Abstract
Civil wars are more than battles between governments and rebels; they involve a multitude of actors who perpetrate different forms of violence linked to the war in some way. However, scholars often study different types of violence perpetrated in wars in isolation rather than in their interrelationship—a compartmentalization that further widens the gap between research and practice. Despite the wide availability of disaggregated data, linking various forms of violence to one another and attributing them to a specific civil war remains a challenge. This article discusses the violence attribution problem and introduces an approach that connects different forms of war-related violence to specific civil wars using data on actors, event locations, and conflict zones. In a practical application of this approach, we introduce an R package that integrates battle and war-related violence data collected by the Uppsala Conflict Data Program. The overall aim is to provide a more comprehensive measure of the violence taking place in a particular war and facilitate a better understanding of the dynamics and interrelations of different types of violence within civil wars.
Introduction
Civil wars are more than battles between rebels and a government. They involve a complex network of actors perpetrating violence that is intricately tied to the ongoing conflict. Rebel groups battle each other, combatants abuse civilians, communal groups fight, and criminal organizations compete over the spoils of war. Propelled by access to disaggregated data with information on the exact location and date of violent events (Donnay et al., 2019; Gleditsch et al., 2014), scholars generate much needed knowledge on the causes, dynamics, and consequences of multiple forms of political violence at the sub-national level. However, these quantitative-comparative studies usually examine distinct forms of violence in isolation, overlooking their interrelationships within the broader conflict context (Bara et al., 2021: 929).

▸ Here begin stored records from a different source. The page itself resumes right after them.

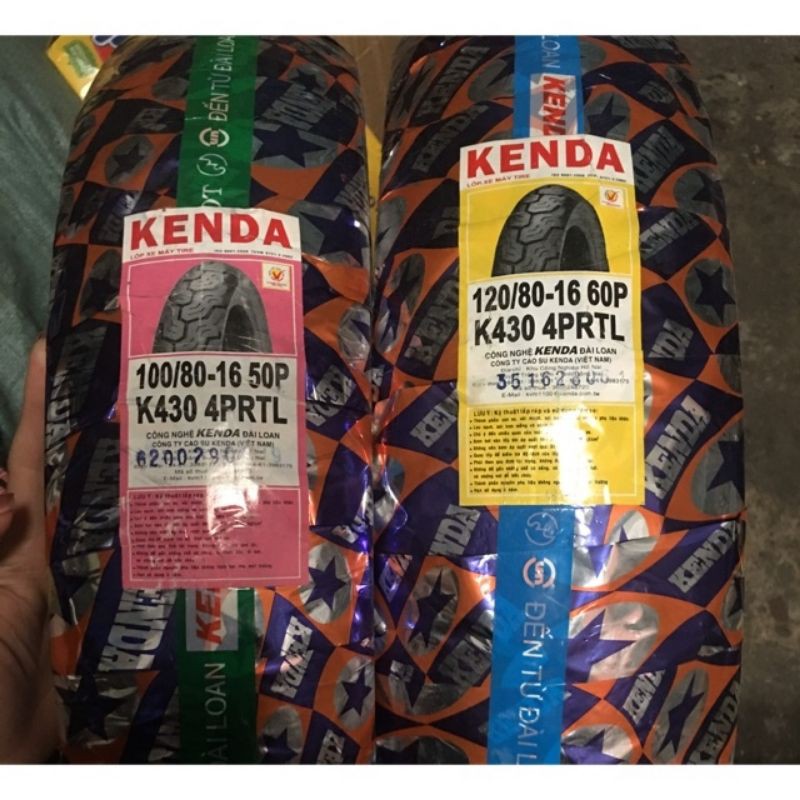 Combo lốp trước + lốp sau SH Việt chính hãng Kenda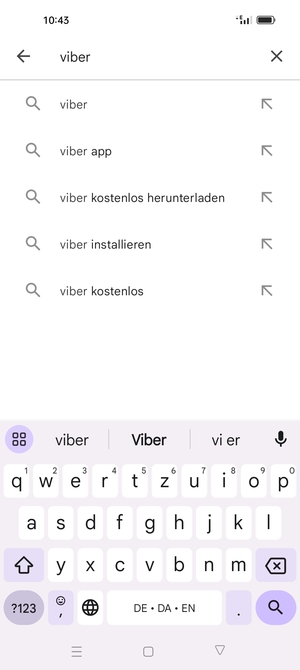 Geben Sie den Namen der App ein und wählen Sie Suchen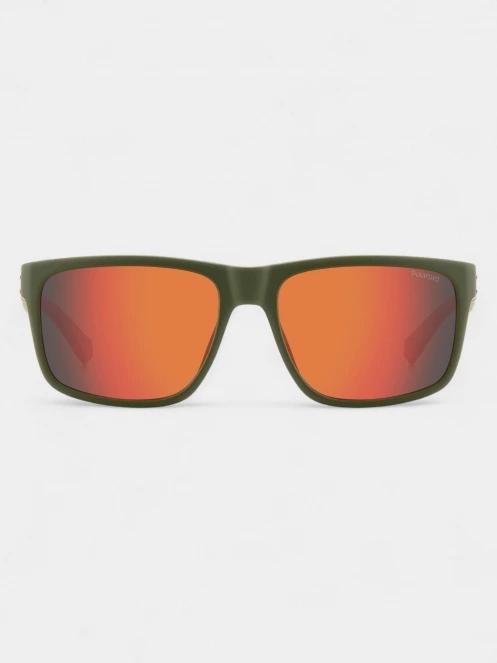 ochelari de soare polarizati pt. barbati Polaroid PLD 2149/S oliv 4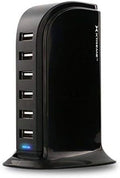 6 USB Desktop Charge Tower (Black) L493314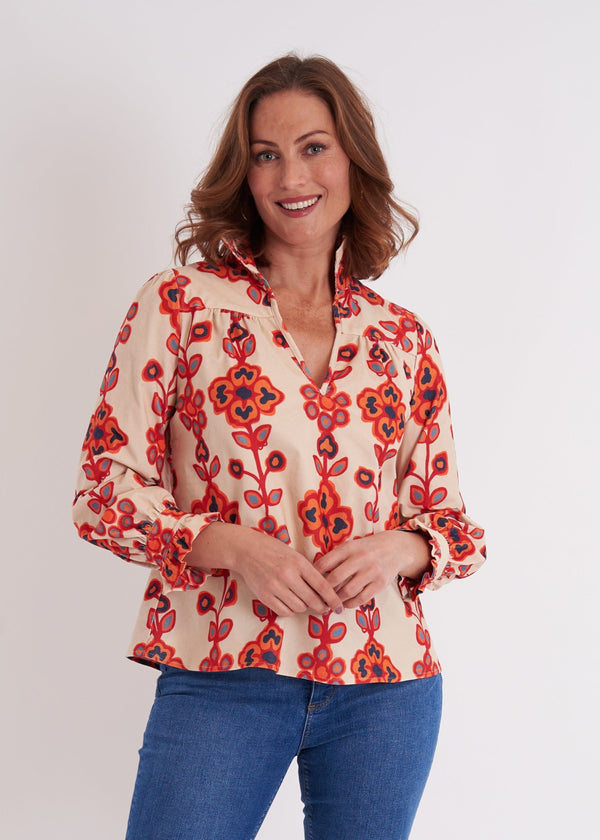Aspen Blouse - Serendipity Praline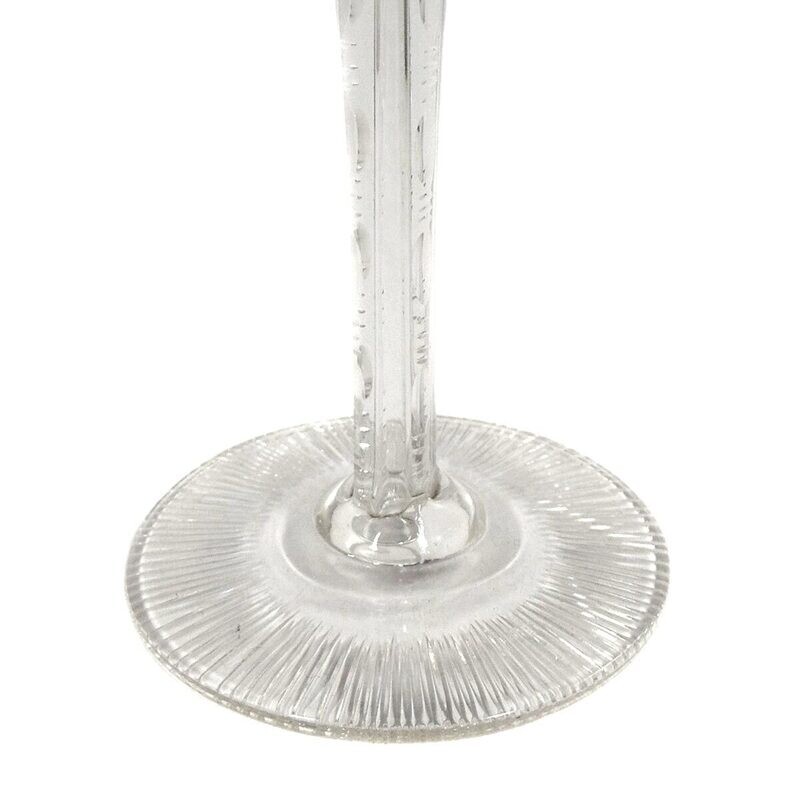 Stem glass with cobalt blue overlay, Josephinenhütte, designed by S. Haertel around 1910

This compartmentalization widens the gap between researchers and case experts, who take into account the complex web of violence in one conflict. It also means that important and policy-relevant questions are not answered: under what conditions do actors in civil wars choose one violent strategy over another? Do some interventions to end violence transform violence instead? How can we make sure that all war-related violence stops when wars end? To answer such questions, scholars have repeatedly called for an integrated approach to studying political violence (Bara et al., 2021; Findley and Young, 2012; Kalyvas, 2019; Straus, 2012).
Conceptually, scholars have answered this call and offered frameworks for analyzing violence dynamics in complex civil war settings (see, e.g., Brosché et al., 2023; Staniland, 2017). Empirically, however, the gap between the study of political violence and the study of conflict remains. It is hard to link different forms of violence to one another and to specific civil wars. Information on various forms of violence is in different datasets with distinct typologies and coverage. Even if these can be computationally integrated (Donnay et al., 2019), scholars analyzing the dynamics of violence within civil wars face a problem of attribution: how do we know that an act of violence is related to a particular war? After all, violence also occurs outside of wars. Moreover, some countries experience multiple simultaneous rebellions, and a violent event could be related to any of them. Finally, while some violence is clearly war-related, for instance, when combatants use violent tactics other than battle to achieve their aims, in other instances the link is more tenuous. 1 Without the ability to attribute most related violence to a war, it is challenging to measure how violent one war is compared to others.
In this article, we present an approach to link various forms of war-related violence to specific civil wars by leveraging information on the actors and the locations of the violence.
2
First, we discuss the violence attribution problem in greater detail. Then, we describe our approach, implemented in the R package
Civil war complexity and data attribution
Studying violence within complex civil wars is empirically challenging, even within the streamlined and internally coherent UCDP data universe. The launch of the UCDP/PRIO ACD in 2002 set off a wave of research on the conflict level, examining the causes and effects of violent conflict (Gleditsch et al., 2014). This data includes no information on violent events, only a categorical measure of the intensity of the conflict. When fine-grained violence event data became available in the early 2010s, for instance, with the GED, detailed research on different kinds of political violence on the sub-national level emerged (Balcells and Justino, 2014). Yet leveraging information on the latter to study the former is surprisingly difficult.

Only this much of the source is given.